We had already spent months arguing the previous fellow around. I reviewed the state of my affairs, and suppressed the unladylike desire to curse. I had counted on Natalie to be my companion on this journey. Would it be worse to travel alone—with an unmarried man, no less—or to find some other woman on short notice? Or rather, would suffering the latter be worse than suffering the consequences of the former?

Either way, I could not let it change my answer to Lord Hilford. “I can be ready, yes. You will have to ask Mr. Wilker yourself.”

“I know what Tom will say.” The earl levered himself up out of his chair. “Two weeks it is, then. I’m sure you need to prepare. And in the meanwhile, I will look into the matter of this break-in.”

 

THREE

Natalie’s wings—The merits of a husband—Keeping promises—Ladies at supper—Lord Canlan

“Miss Oscott is here,” the footman informed me when I returned home. “I believe she is in your study, ma’am.”

Natalie. I would have preferred to delay my promise to Lord Hilford, but if I was to leave in two weeks, I simply could not spare the time. “Thank you,” I said, distracted, and went upstairs.

My study had been my husband’s study, once. The servants had called it
the
study for a good two years after his death; it was not the sort of room women normally laid claim to. But eventually their speech had shifted. No doubt that owed a great deal to the amount of time I spent there, often in the company of Natalie Oscott.

She was indeed there, tacking a sheet of paper onto the piece of corkboard we had hung for the purpose. “Oh, good heavens, Natalie,” I said when I saw the figure drawn on it. “
That
again?”

“I’ve improved it,” she said, flashing a grin at me over one shoulder. “On advice from an enthusiast in Lopperton. He thinks I’m a lad named Nathaniel—I do a very good boy’s hand, when I put my mind to it. On account of falsifying my brothers’ workbooks, when they had not written the exercises our tutor had set. What do you think?”

The sheet of paper bore a large diagram, whose predecessors I had seen several times before. A wing spread across the page, with measurements carefully marked out, and annotations I could not read from where I stood. Even at range, though, one difference was apparent. “Are the wings curved?” I asked, curious despite myself.

“Yes, he thinks that would work better than a straight line. And he suggested an alteration to the harness, too, which he is going to try for himself as soon as he can get it built.”

To be perfectly honest, I thought they were both mad. True, as I said in the previous volume of my memoirs, I had been obsessed with dragon wings since I was a small child, and the idea of being able to join them in the sky was attractive. But a human being cannot possibly achieve the pectoral strength necessary to fly by flapping artificial wings—that having been Natalie’s first notion. The best he (or she) can hope for is to glide, and even then, I had my doubts.
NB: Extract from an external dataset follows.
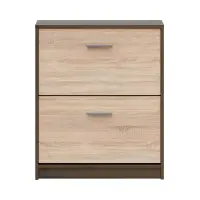 Zapatero Nepo Plus 70 cm con 2 puertas roble noble/roble sonoma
But Natalie found the notion an intriguing challenge. For her, the puzzle was intellectual: was it possible to engineer such a thing? In pursuit of that question, she had taught herself a great deal of mathematics, most of which I understood not at all. She had also entered into correspondence with others, for she was not the only one with an interest in the matter.

Natalie had not yet attempted to construct or test any of her designs, for which I was grateful. Although my husband had called me the queen of deranged practicality, putting into practice ideas others would never think to attempt, even I have my limits. Those limits may, as this narrative will show, lie further out than I claim (and honestly believe)—but I never know that until I pass them. And that, I invariably do under circumstances in which going further seems to be the only feasible course of action. It is only afterward that the “deranged” part of “deranged practicality” becomes apparent to me.

Besides, I was less sanguine about others’ foolishness, and I should not like to lose my closest companion to a broken neck. Natalie had been a great source of comfort to me since Jacob died. It made my heart all the lower, thinking that I could not bring her with me to Nsebu.

She saw my fallen countenance, but mistook the cause. “I promise you, Isabella—I have no intention of committing my own bones to the tender mercies of physics. At least not until after Mr. Garsell has conducted enough tests of his own to assure me the design is sound.”

“That isn’t it.” I sighed and went to my desk—Jacob’s desk, once—in front of the broad windows overlooking the back garden. The surface was cluttered with books and stray pages, my preserved sparkling Greenie standing guard over them all; I had forbidden the maid to touch anything there, even to dust. Maps of Eriga, travellers’ reports, a draft of an article I was considering asking Lord Hilford to submit for me, under his own name. The Colloquium would not accept a paper from a woman.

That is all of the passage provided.